Researchers Discover Giant Freshwater Aquifer off U.S. East Coast
Underneath the salty waters of the North Atlantic ocean, geologists have discovered a giant aquifer of freshwater, hidden from view just off the US coast.
In a new survey of the sub-seafloor off the U.S. Northeast coast, scientists have made a surprising discovery: a gigantic aquifer of relatively fresh water trapped in porous sediments lying below the salty ocean. It appears to be the largest such formation yet found in the world.
The aquifer stretches from the shore at least from Massachusetts to New Jersey, extending more or less continuously out about 50 miles to the edge of the continental shelf. If found on the surface, it would create a lake covering some 15,000 square miles. The study suggests that such aquifers probably lie off many other coasts worldwide, and could provide desperately needed water for arid areas that are now in danger of running out.
The researchers employed innovative measurements of electromagnetic waves to map the water, which remained invisible to other technologies. "We knew there was fresh water down there in isolated places, but we did not know the extent or geometry," said lead author Chloe Gustafson, a Ph.D. candidate at Columbia University's Lamont-Doherty Earth Observatory. "It could turn out to be an important resource in other parts of the world." The study appears this week in the journal Scientific Reports.

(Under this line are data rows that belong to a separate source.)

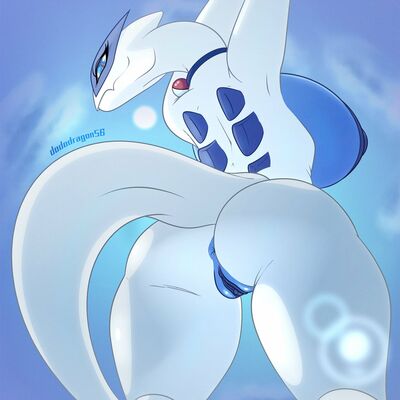 Lugia
art by dododragon56
Keywords: anime;pokemon;avian;bird;lugia;dragoness;female;anthro;breasts;solo;vagina;dododragon56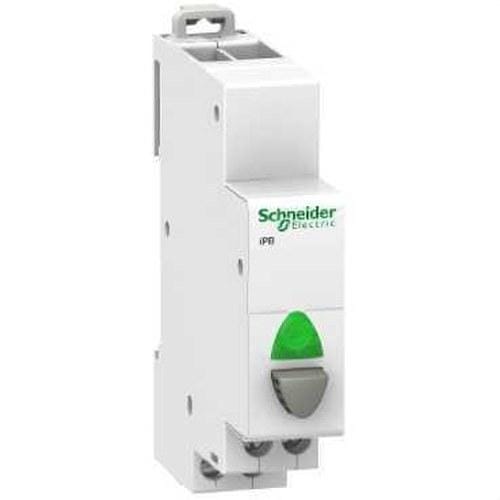 Schneider Electric - Pulsador simple IPB 1 NA gris con indicador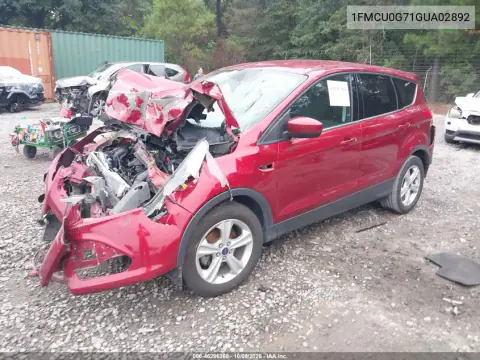 2016 Ford Escape Se VIN 1FMCU0G71GUA02892 фото 2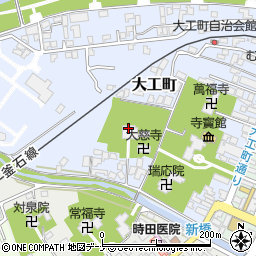 大慈寺周辺の地図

More recently, Key decided to see if some form of the technology could also be used also to find fresh-water deposits. In 2015, he and Rob L. Evans of Woods Hole Oceanographic Institution spent 10 days on the Lamont-Doherty research vessel Marcus G. Langseth making measurements off southern New Jersey and the Massachusetts island of Martha's Vineyard, where scattered drill holes had hit fresh-water-rich sediments.

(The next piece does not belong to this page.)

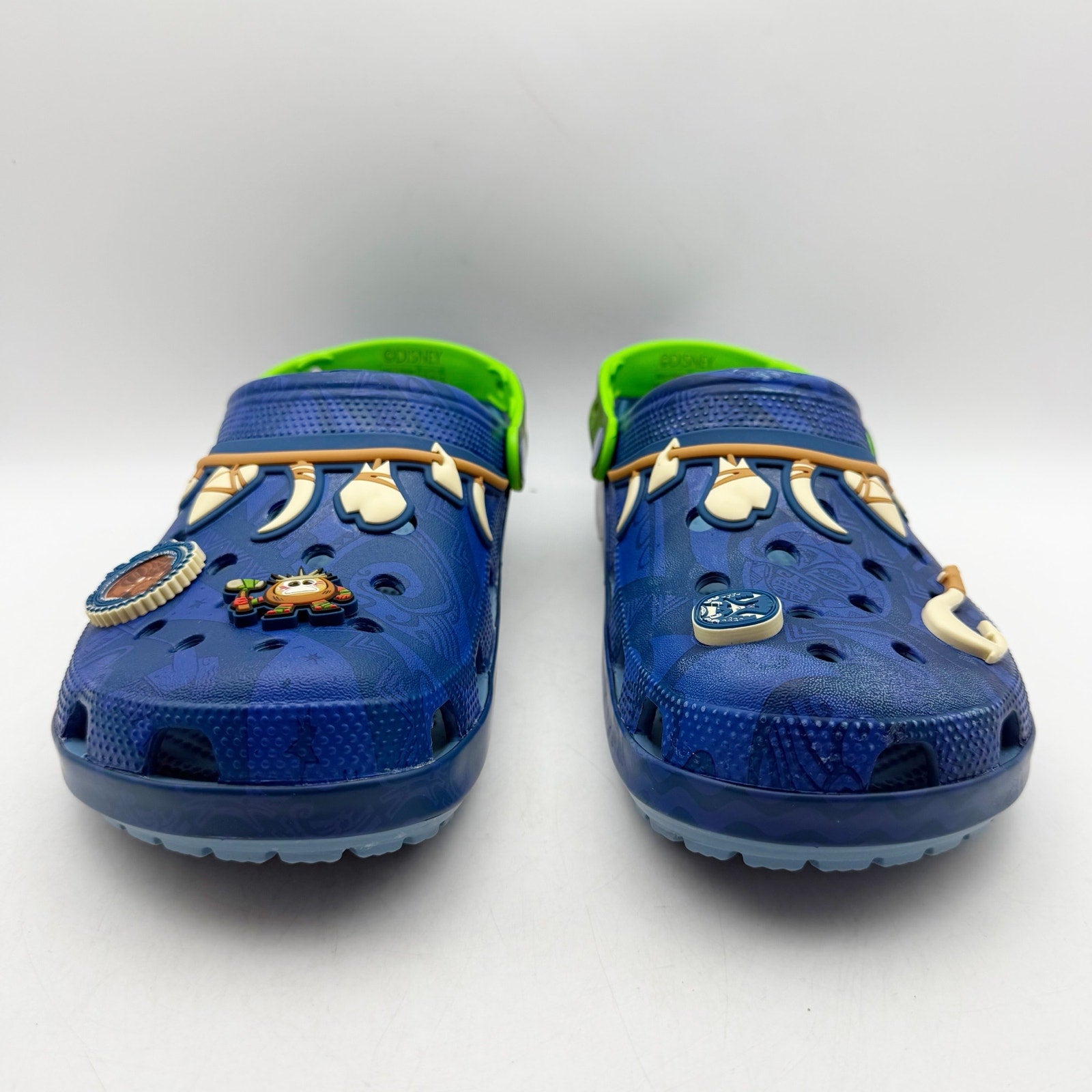 Crocs UNISEX Moana Classic Clog Mens 9 Womens 11 Blue Green NWOB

They dropped receivers to the seafloor to measure electromagnetic fields below, and the degree to which natural disruptions such as solar winds and lightning strikes resonated through them. An apparatus towed behind the ship also emitted artificial electromagnetic pulses and recorded the same type of reactions from the subseafloor.
Both methods work in a simple way: salt water is a better conductor of electromagnetic waves than fresh water, so the freshwater stood out as a band of low conductance. Analyses indicated that the deposits are not scattered; they are more or less continuous, starting at the shoreline and extending far out within the shallow continental shelf—in some cases, as far as 75 miles. For the most part, they begin at around 600 feet below the ocean floor, and bottom out at about 1,200 feet.

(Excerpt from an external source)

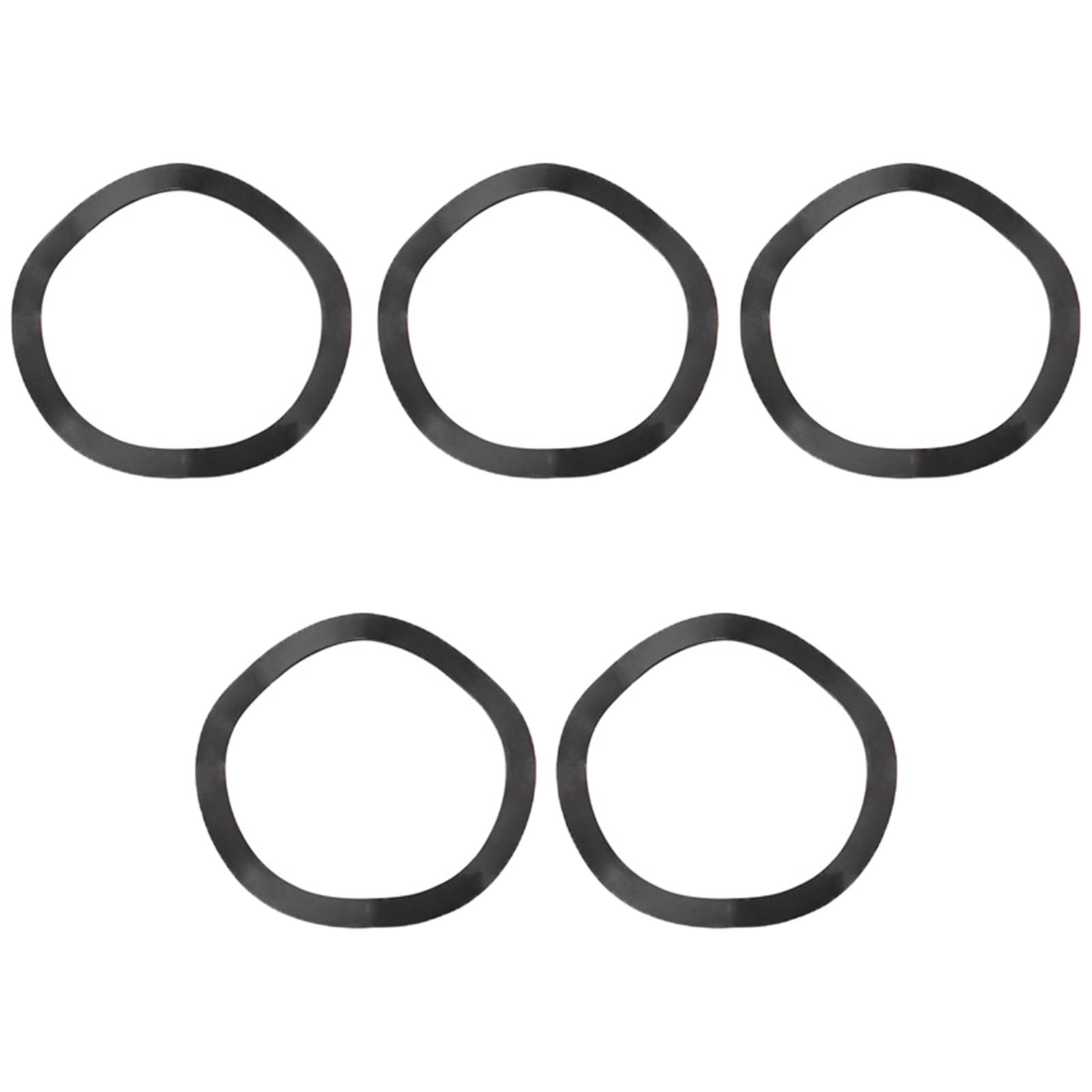 Ioensy - 5 Uds Mtb Bicicleta Soporte Inferior Onda Arandela Bicicleta Manivela Espaciador Interior 24,2Mm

The consistency of the data from both study areas allowed to the researchers to infer with a high degree of confidence that fresh water sediments continuously span not just New Jersey and much of Massachusetts, but the intervening coasts of Rhode Island, Connecticut and New York. They estimate that the region holds at least 670 cubic miles of fresh water. If future research shows the aquifer extends further north and south, it would rival the great Ogallala Aquifer, which supplies vital groundwater to eight Great Plains states, from South Dakota to Texas.
But the researchers say the new findings indicate that the aquifer is also being fed by modern subterranean runoff from the land. As water from rainfall and water bodies percolates through onshore sediments, it is likely pumped seaward by the rising and falling pressure of tides, said Key. He likened this to a person pressing up and down on a sponge to suck in water from the sponge's sides.
Also, the aquifer is generally freshest near the shore, and saltier the farther out you go, suggesting that it mixes gradually with ocean water over time. Terrestrial fresh water usually contains less than 1 part per thousand salt, and this is about the value found undersea near land. By the time the aquifer reaches its outer edges, it rises to 15 parts per thousand. (Typical seawater is 35 parts per thousand.)
If water from the outer parts of the aquifer were to be withdrawn, it would have to be desalinated for most uses, but the cost would be much less than processing seawater, said Key. "We probably don't need to do that in this region, but if we can show there are large aquifers in other regions, that might potentially represent a resource" in places like southern California, Australia, the Mideast or Saharan Africa, he said. His group hopes to expand its surveys.